順風だと思われていた文春だが、ここへきてライバルの週刊新潮から、新潮の中吊り広告を早く手に入れて、スクープを盗んでいると告発されている。

新潮によれば、文春側に情報が漏れているのではないかとの「疑念」を抱いたのは14年9月11日号。新潮は朝日新聞の「慰安婦誤報」をめぐって、朝日で連載していた池上彰が「朝日は謝罪すべきだ」と書いた原稿を掲載しないとしたことで、連載引き上げを決めたという記事を掲載し、中吊りにもかなり大きく打った。

情報のためにはあらゆる手を尽くす

この週の文春の中吊りは池上の件には触れていない。だが、新聞広告には「『池上彰』朝日連載中止へ『謝罪すべき』原稿を封殺」のタイトルがあり、「記事中の池上氏のコメントはわずか6行で、急遽差し挟まれたような不自然な印象を読む者に与えるのだ」(新潮)。

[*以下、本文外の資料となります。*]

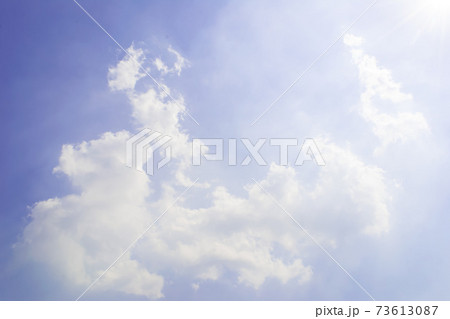 Blue sky with soft clouds background 73613087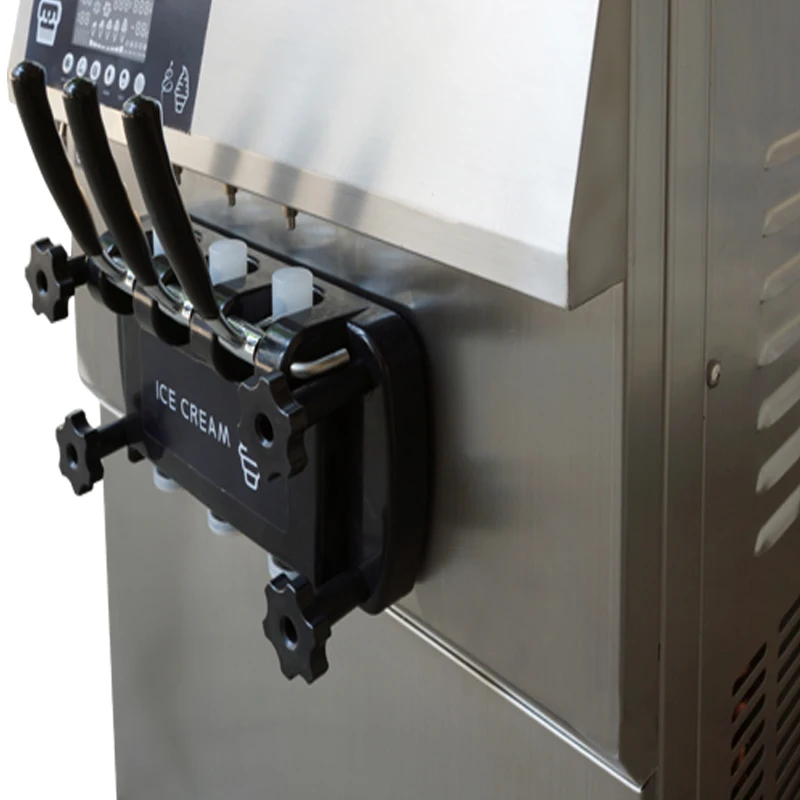 Hot Selling 1800w Commercial 6.6 to 15 Gallons per hour ice cream machine south africa for cafe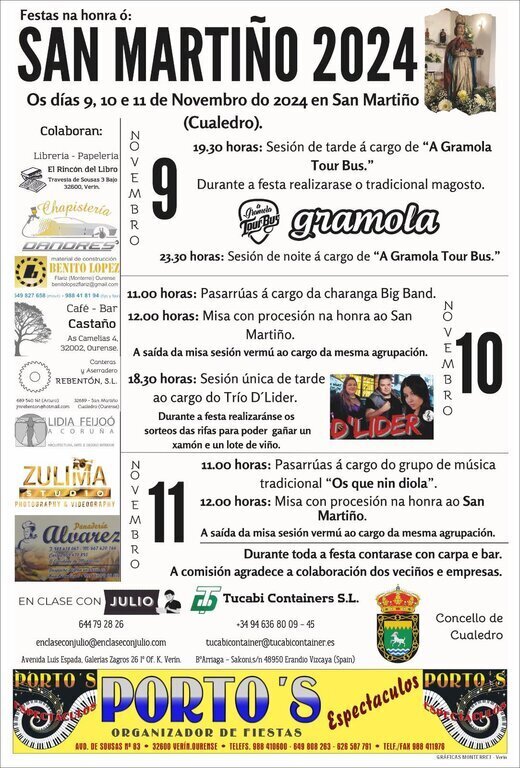 20241109 Festas patronais San Martiño, Cualedro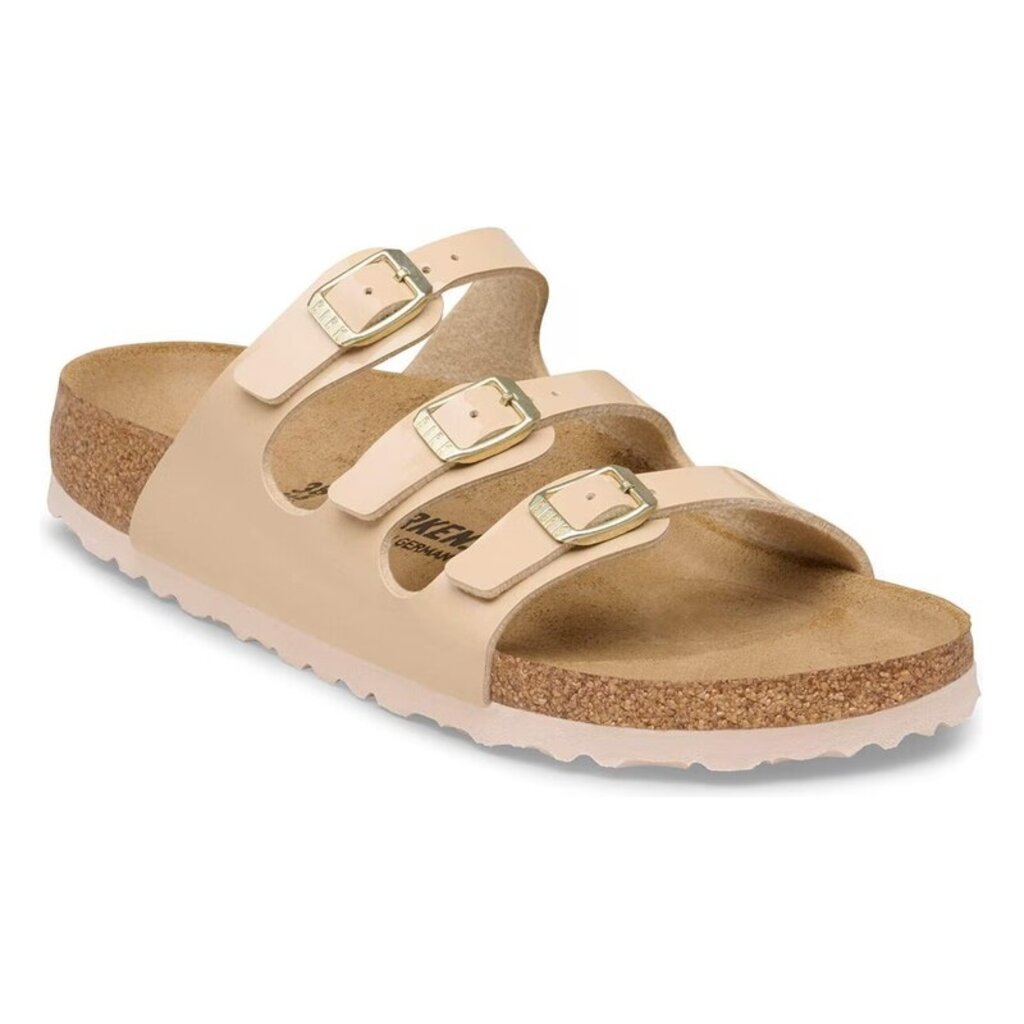 BIRKENSTOCK FLORIDA PATENT BIRKO-FLOR-SAND | BEND SHOE CO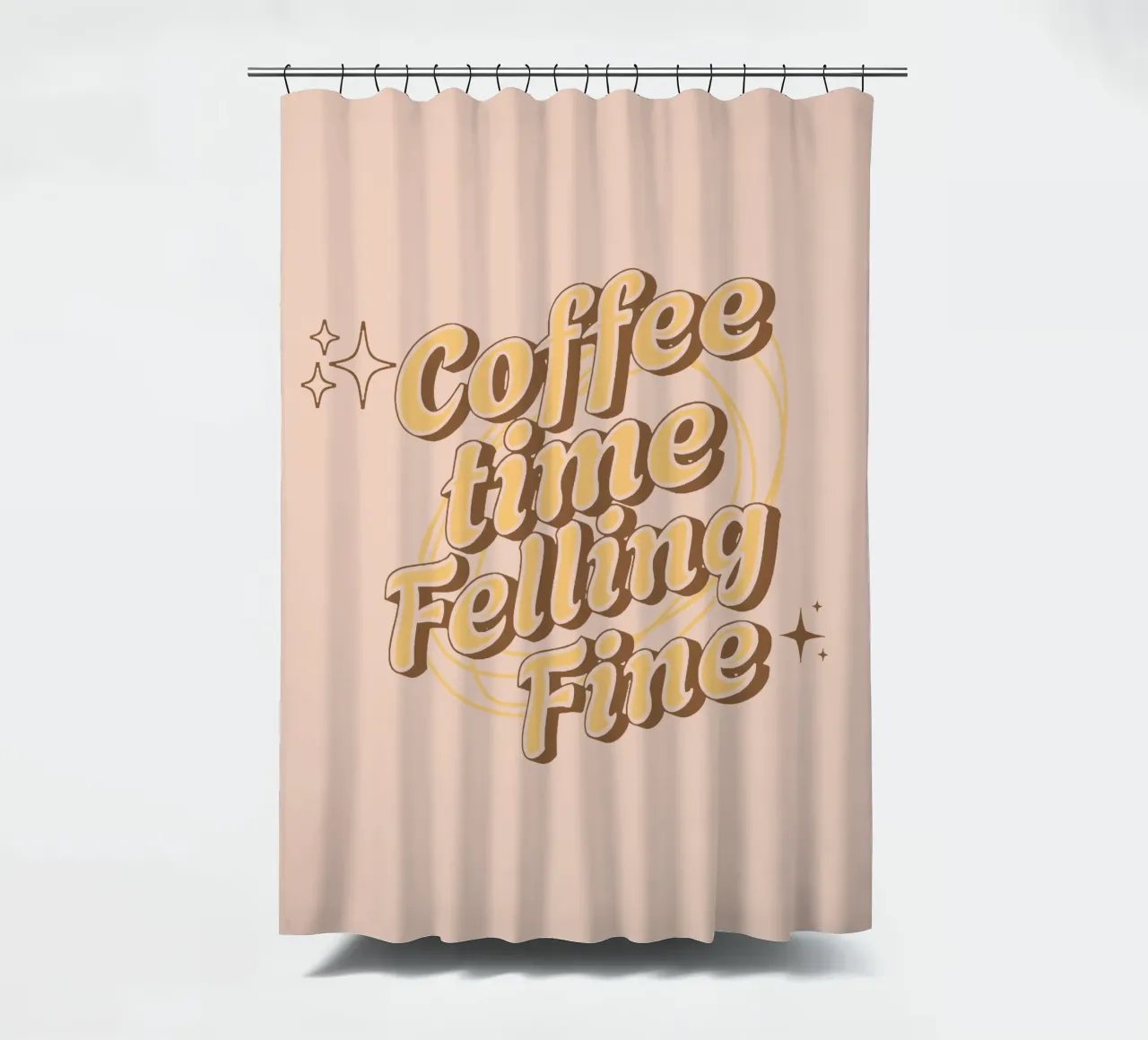 L'ora del caffè in cui ci si sente bene tenda da doccia da Gunawan Rb
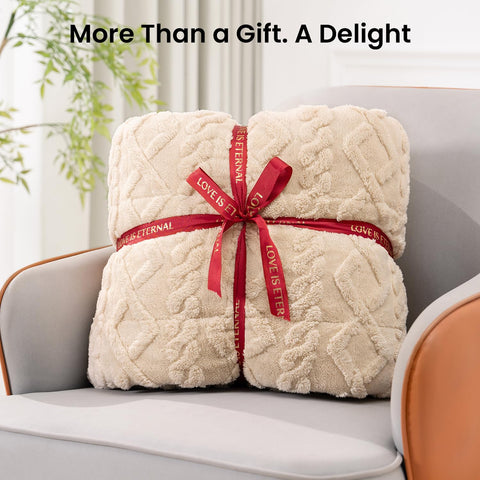 Drewin blanket on bed or sofa for relaxing evenings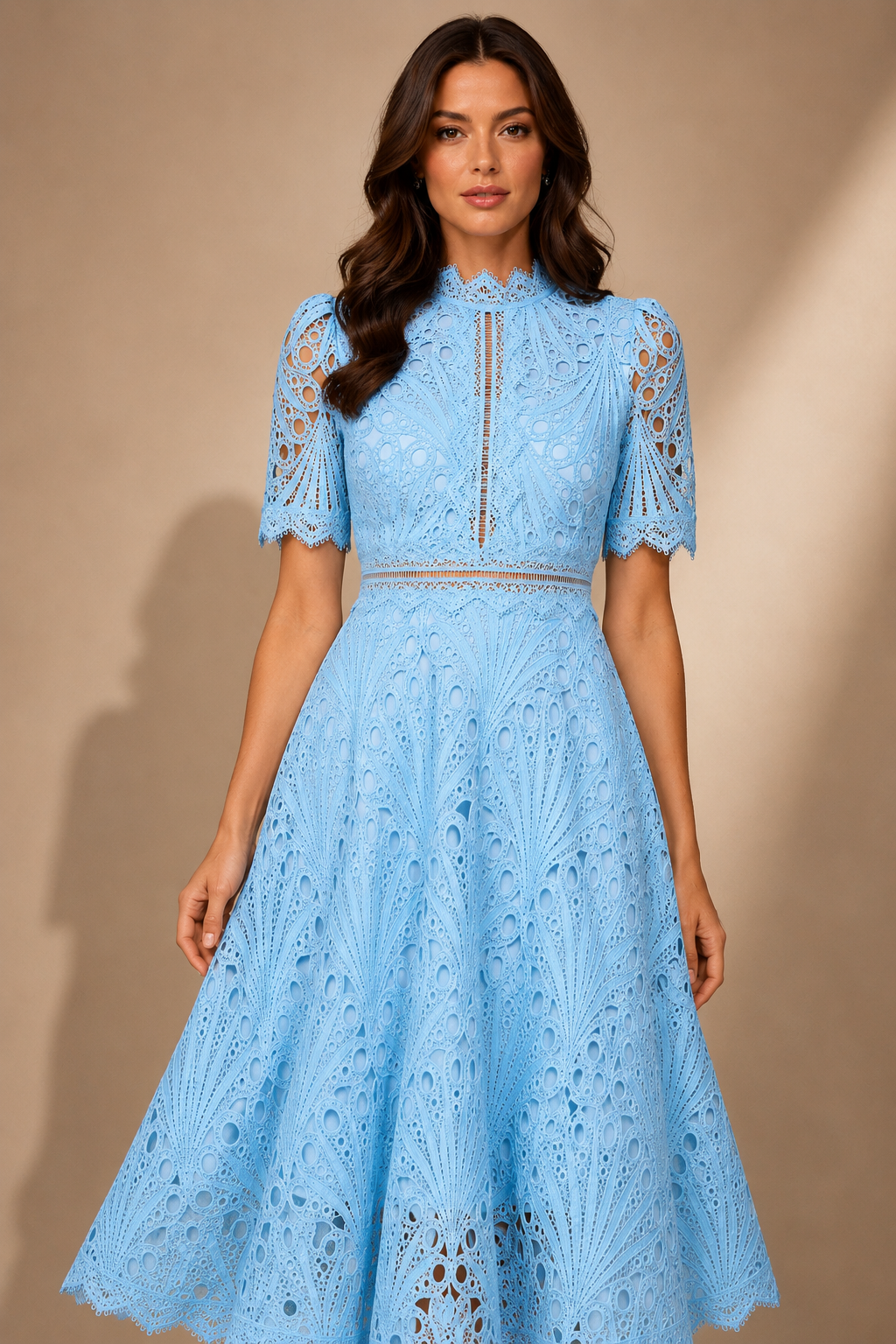 Sky Garden Lace Midi Dress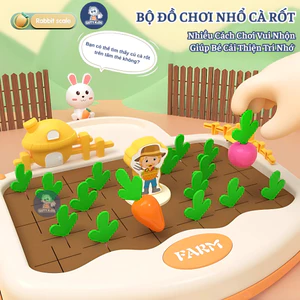 Bộ Đồ Chơi Nhổ Cà Rốt cho bé GutyKids Đồ Chơi Nông Trại Cho Bé Phân Biệt Màu Sắc Ghi Nhớ Montessori, quà tặng cho bé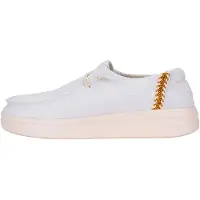 HeyDude Slip ons WENDY RISE PERF CANVAS femmes - Blanc - 37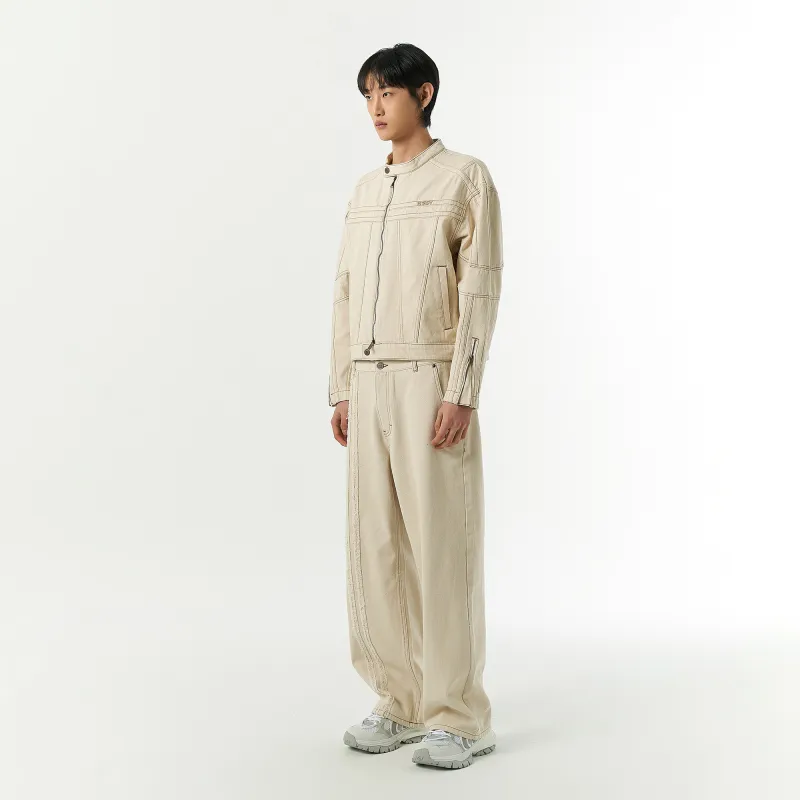 Nerdy Jeans Unisex Ivory-3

池上も、新潮の取材に対して、文春から電話があったのは新潮の取材があった後で、校了日の午後5時半だったと話している。文春の新谷学編集長は最近、『「週刊文春」編集長の仕事術』(ダイヤモンド社)という本を出した。その中で、

「池上彰さんのコラムを朝日新聞が掲載拒否した件では、同日発売の週刊新潮も同様の記事を掲載していることがわかったので、校了日である火曜日の夜に『スクープ速報』を配信した」

と書いている。そのほかにも、文春に中吊りが流れている疑惑があると考えた新潮は、文春側に「不正を止めろ」と通告するのではなく、漏洩ルートを突き止めるための調査を続けた。

新潮が誇る調査力で、漏洩しているのは新聞広告ではなく中吊り広告。新潮の中吊り広告の画像データから、そのPDFファイルがコピーされたのは、文春編集部にあるコピー機であることが判明した。

さらに、漏洩元はどこかを突き止めると、出版取次会社「トーハン」(東京)が、文春の人間に渡していることがわかった。文春の30代の男性が、受け取った中吊りをコンビニでコピーを取っているところを「激写」されている。

しかし、週刊誌といえども編集部員の数からして中規模企業ぐらいはある。梶山季之が書いた『黒の試走車』ではないが、ライバルが何をやっているのか、どんな情報を持っているのかを探ることは雑誌の浮沈、そこで生活しているフリーの記者、筆者たちの生存にかかわるのだから、あらゆる手を尽くして情報を取ることが一方的に悪いといえるのだろうか。